The U.S. urban eVTOL market could exceed $17 billion by 2040, but the vast majority of potential passengers still consider the vehicles unsafe, according to consulting firm Deloitte Global. This will cause the cargo segment of the market to lead any advancement in the passenger market, it added.
“Considerable strides [have been] made in the advancement of elevated mobility, particularly in the last two years,” said Robin Lineberger, Deloitte Global’s aerospace and defense leader. “While the public may focus on the viability of eVTOLs in human transportation, the movement of cargo is just as important and will likely drive early adoption of these aircraft. However, eVTOLs pose a significant risk to traditional helicopter manufacturers; if they are to successfully traverse this disruption, they should consider reexamining product mixes, business models, or even shifting their focus to evolving markets for unmanned aerial transport,” said Lineberger.
However, Deloitte pointed out that considerable regulatory, technology, and public acceptance obstacles remain before eVTOLs can be deployed in a meaningful way. The firm recently surveyed 10,000 potential autonomous eVTOL users and found that 80 percent believe these vehicles “will not be safe” or are uncertain about their safety.

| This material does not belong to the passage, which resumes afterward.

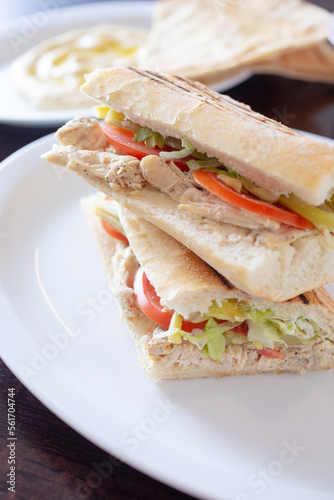 A view of a chicken panini sandwich.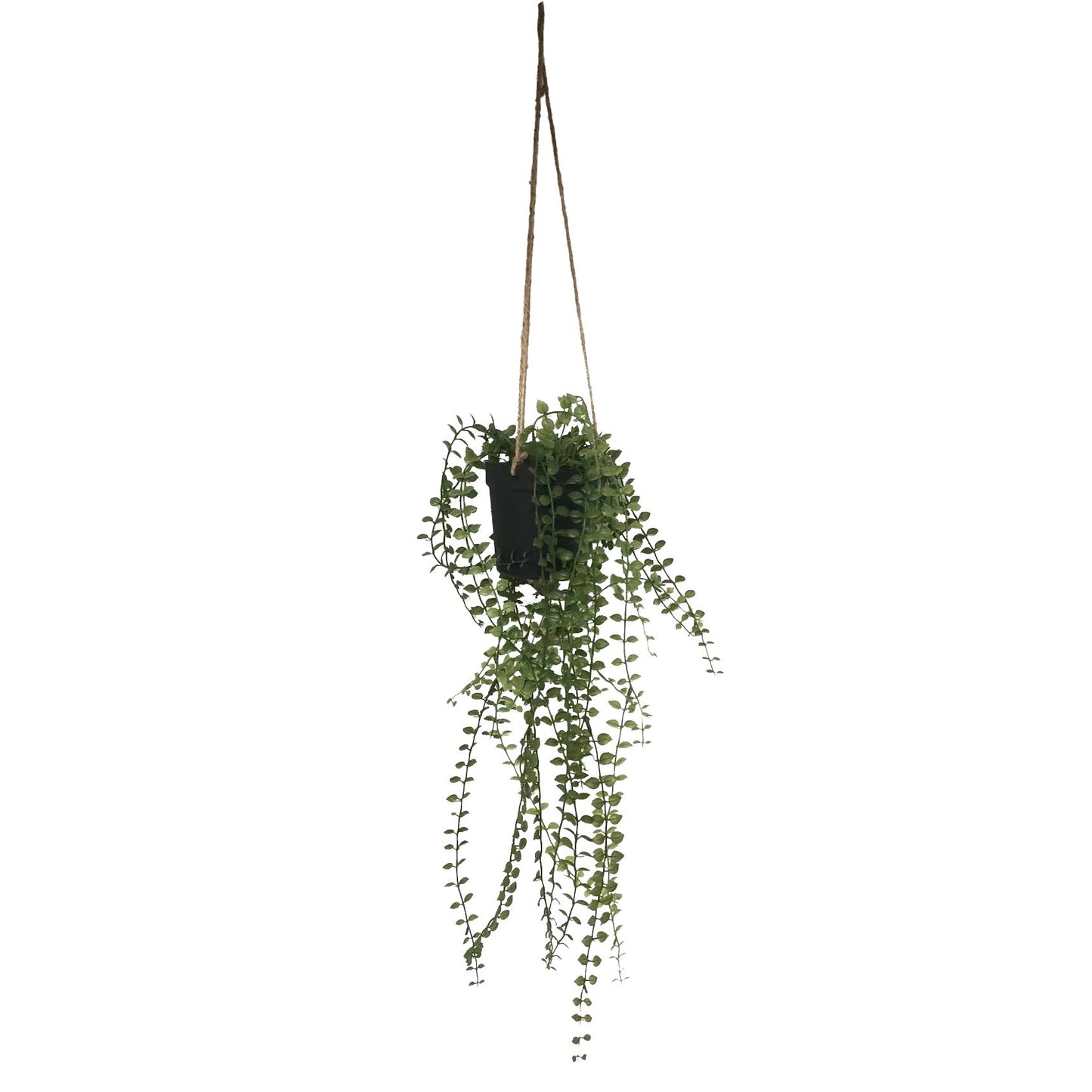 Botanica Mini Leaf Hanging Plant (50cm)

The firm noted that enabling technologies still need to mature. Specifically, it said that advancements in onboard collision avoidance systems, battery management, and ground infrastructure are still needed.
Financing the latter will be particularly challenging, as Deloitte noted, “Significant capital will be required to build vertiports and other infrastructure components. To secure adequate funding, extending current public/private partnerships or establishing new models will be necessary.”